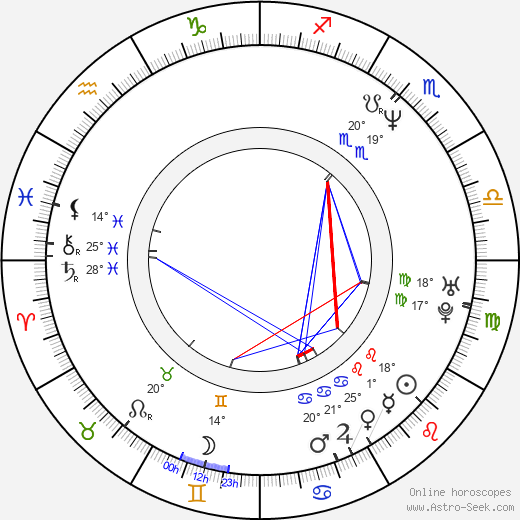 Jon Michael Davis birth chart, biography, wikipedia 2024, 2025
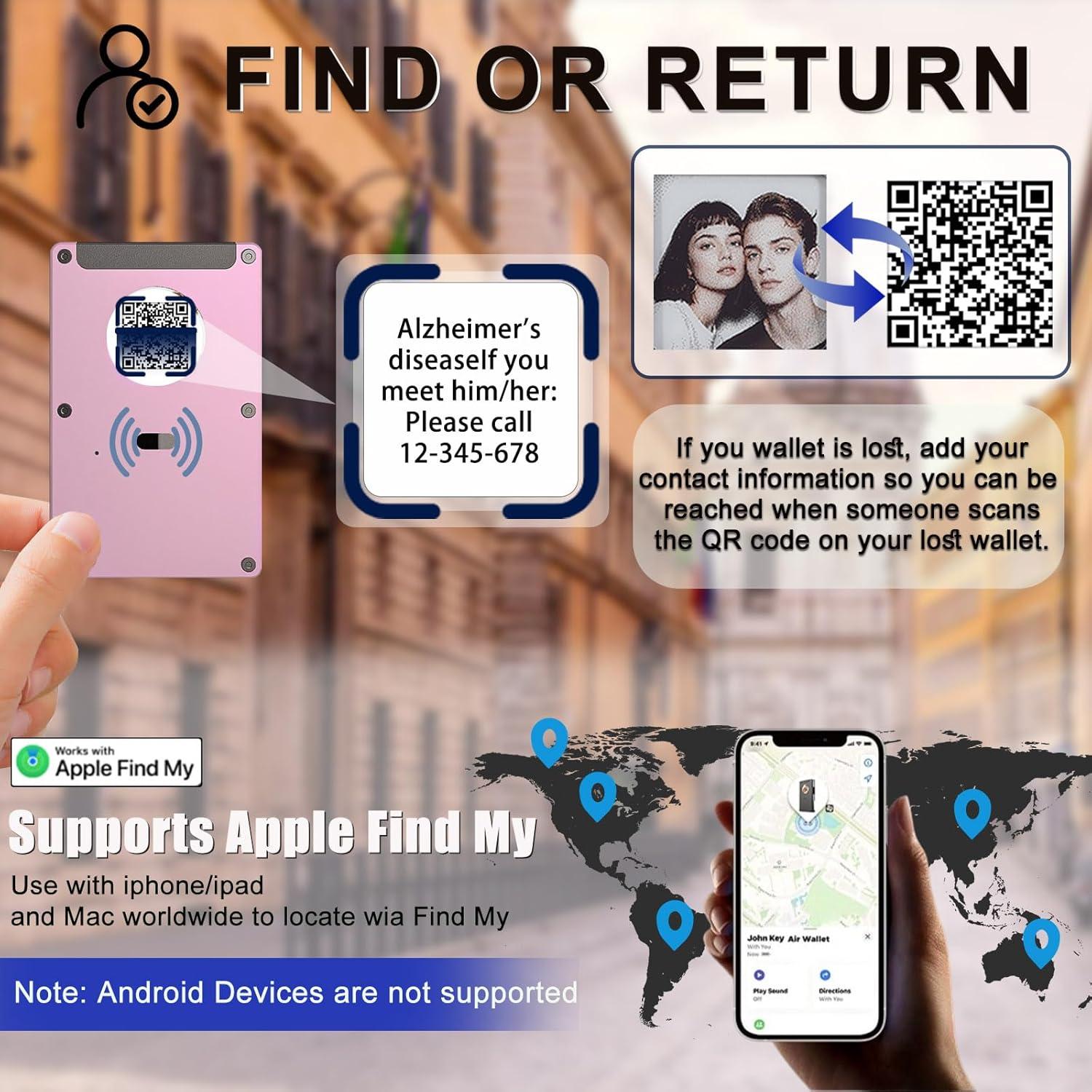 Billetera Inteligente HPSH Air con Pantalla E-Ink y RFID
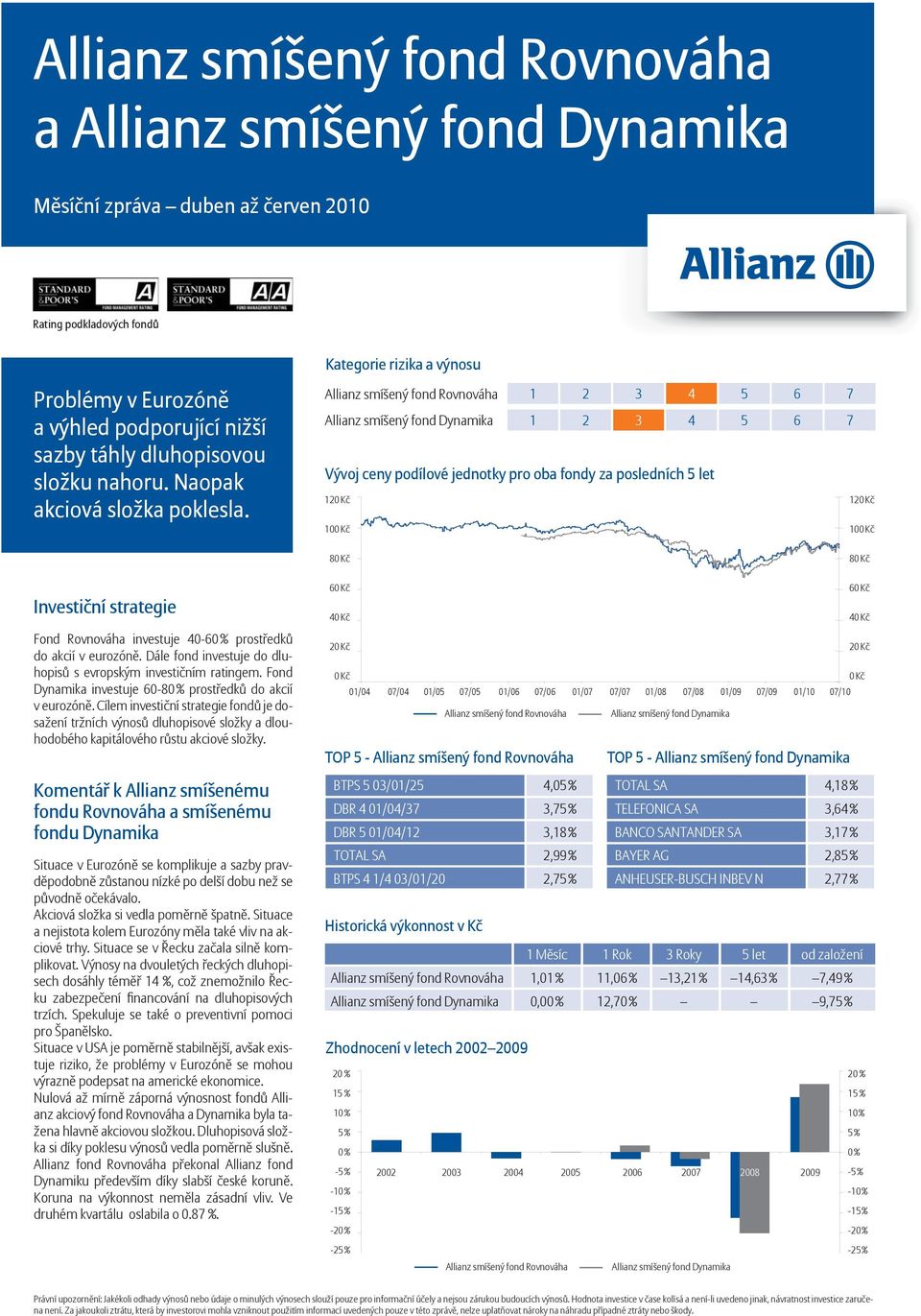 Allianz smíšený fond Rovnováha 1 2 3 4 5 6 7 Allianz smíšený fond Dynamika 1 2 3 4 5 6 7 Vývoj ceny podílové jednotky pro oba fondy za posledních 5 let Fond Rovnováha investuje 40-6 prostředků do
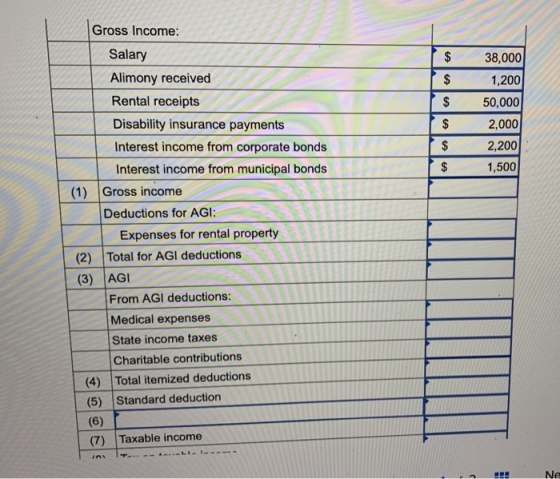 $ $ $ $ $ | $ 38,000 1,200 50,000 2,000 2,200 1,500 Gross Income: Salary Alimony received Rental receipts Disability insuranc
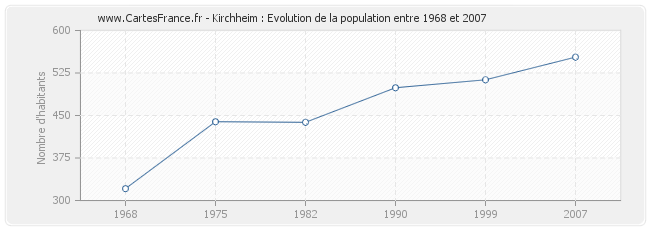 Population Kirchheim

______________________________

THE PROBLEM: Leave the images out. Set down all of the material above exactly.

THE COMPLETED TASK:
 Jon Michael Davis birth chart, biography, wikipedia 2024, 2025
 Billetera Inteligente HPSH Air con Pantalla E-Ink y RFID
 Allianz smíšený fond Rovnováha 1 2 3 4 5 6 7 Allianz smíšený fond Dynamika 1 2 3 4 5 6 7 Vývoj ceny podílové jednotky pro oba fondy za posledních 5 let Fond Rovnováha investuje 40-6 prostředků do
 $ $ $ $ $ | $ 38,000 1,200 50,000 2,000 2,200 1,500 Gross Income: Salary Alimony received Rental receipts Disability insuranc
 Population Kirchheim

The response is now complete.